Using CLRMD to replace KD/CDB/NTSD and maybe WinDbg?

May 14, 2015

2 comments

I’ve been using the WinDbg low level debugger for several years now when things get hairy such as looking inside a .NET process and searching for memory leaks and other nasties. Or investigating a dump file, sometimes a kernel crash dump file (created because of the infamous “blue screen of death”), or when faced with a production system where Visual Studio does not (and will not) exist.

Anyone who’s ever used WinDbg (or its equivalent console based debuggers – CDB, NTSD and KD) knows the feeling of wanting to get at some information but not always sure how to do it. What’s the command that can show me this or that? Sure, WinDbg has some GUI, and even some windows that remotely resemble Visual Studio, such as the call stack, processes & threads and local variables, but they’re pretty primitive and in any case don’t give enough information for the typical low level investigation. There are plenty of commands, and the information that is required can probably be obtained with the proper use of these commands, but it’s a steep learning curve, and even after years of usage, some commands are still hidden behind a mountain of command documentation.

I wish there was a nicer version of WinDbg, with better UI that provides more information without the need of executing a lot of commands. I would envision UI written with WPF, so that not only can it be customized easily, but it can be written with clean separation of UI and logic with the MVVM pattern and friends.

The engine that powers all these debuggers is the same – DbgEng.Dll. It packs quite a bit of functionality for attaching to processes, opening dump files and even attaching to a live kernel on another machine; it can set breakpoints, inspect memory, correlate with source code and much more. In fact, the console based debuggers (CDB, NTSD and KD) probably have very little code in them, leveraging DbgEng.Dll for the heavy lifting. This means that anyone can put together a decent console debugger with relatively little amount of work.
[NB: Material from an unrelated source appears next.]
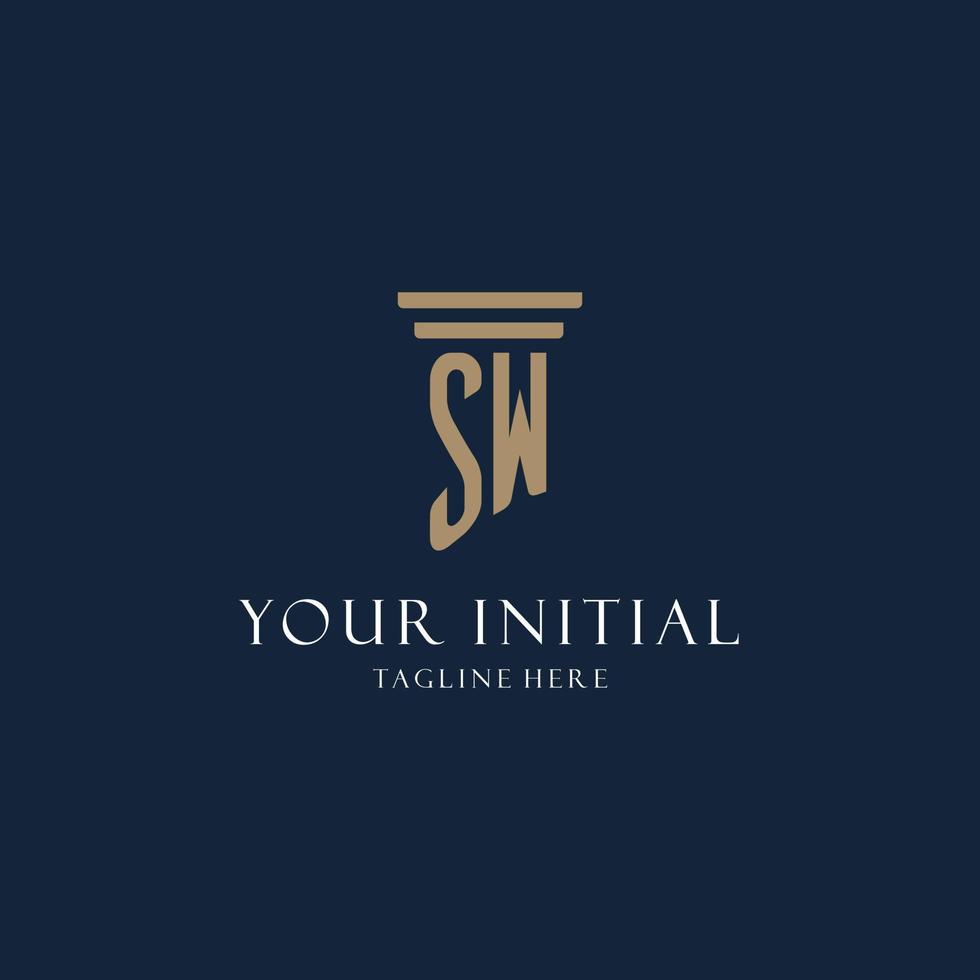 SW initial monogram logo for law office, lawyer, advocate with pillar style vector
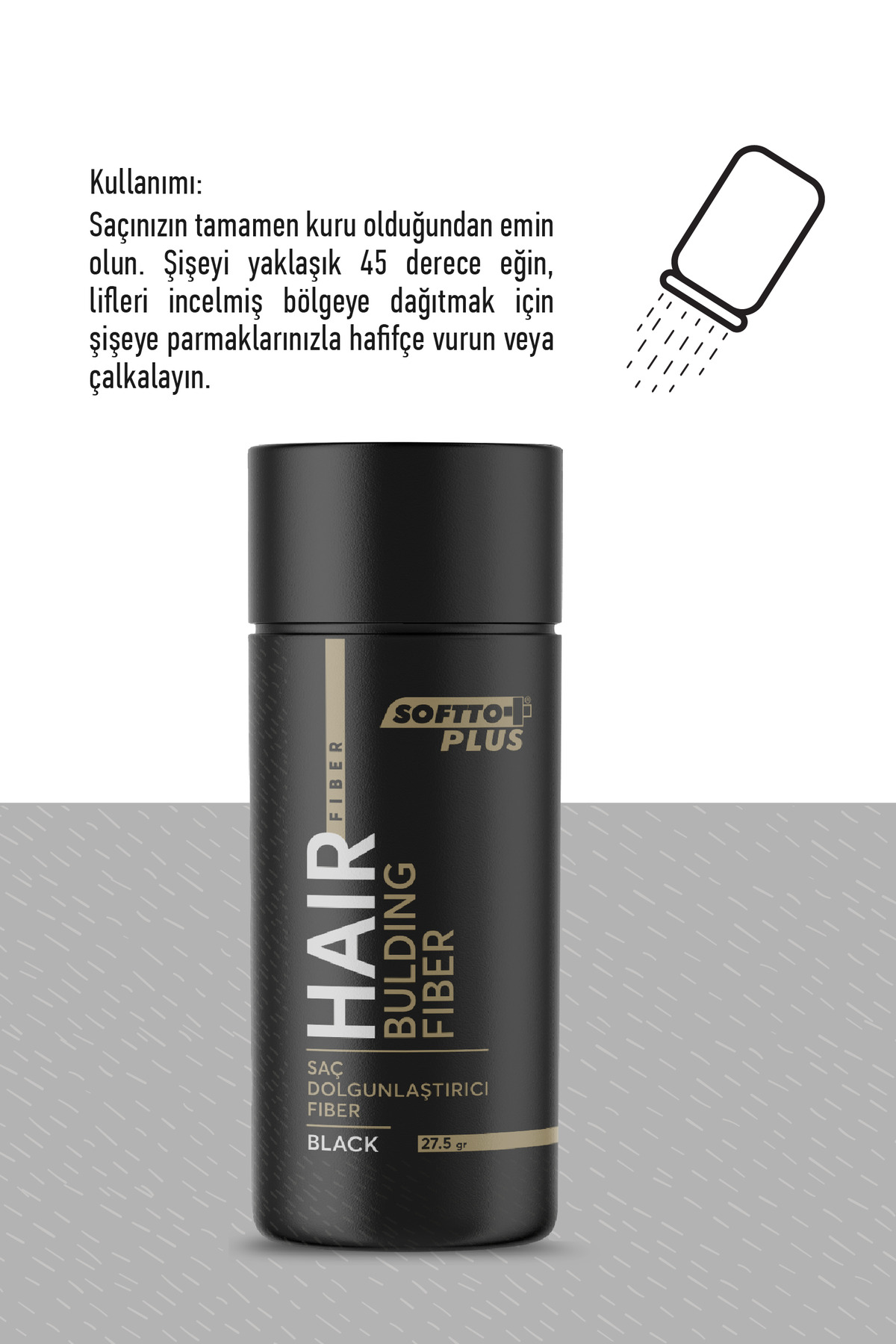 Saç Dolgunlaştırıcı Anında Dolgunluk Sağlayan Siyah Renk Fiber 27.5 gr.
The debugger engine exposes a set of COM classes, implementing (no surprise there) a set of COM interfaces – all native of course. So if we wanted to develop the would-be debugger with .NET, we would have to use COM introp wrappers around the interfaces. Unfortunately, the debugger engine does not expose a type library that we can easily import with TlbImp.exe (or simply add a reference with Visual Studio); instead, we must manually create the various interfaces, structs and enums; this is not an easy task – there are quite a few interfaces with many methods.

Fortunately, there is a way to get these interop interfaces without much effort: using CLRMD.

The CLRMD library is a managed library for looking inside .NET processes (and dump files), very similar to using SOS.DLL with one of the aforementioned debuggers, but with a nice, elegant .NET API. CLRMD is interesting onto itself, but this post is not about that functionality in CLRMD. Naturally, we can use CLRMD’s primary functionality as well, giving us access to low level .NET information that can also be displayed nicely in a would-be GUI debugger.

In this post we’ll look at using a side feature of CLRMD – it provides almost complete introp types around the debugger engine interfaces (someone at Microsoft had to do a lot of work!), so these can be used regardless of the primary CLRMD functionality.

So, the first step for creating a WinDbg replacement is already here – the interop debugger engine wrappers, with the added bonus of the primary CLRMD functionality itself.

Creating a dump file analyzer

My final goal for this exploration would be to create a WinDbg replacement, with better UI, but that’s a long road, especially for this post. Let’s start small and see if we can use the debugger engine in a .NET console application to open dump files (either user mode or kernel mode) and use standard debugger commands to analyze it.

The first thing to do is create .NET console application (no fuss here) and add the CLRMD library through NuGet (you must set “include prerelease”) to find the library. CLRMD is actually available on GitHub, and that turns out to be useful, as we’ll see in a moment.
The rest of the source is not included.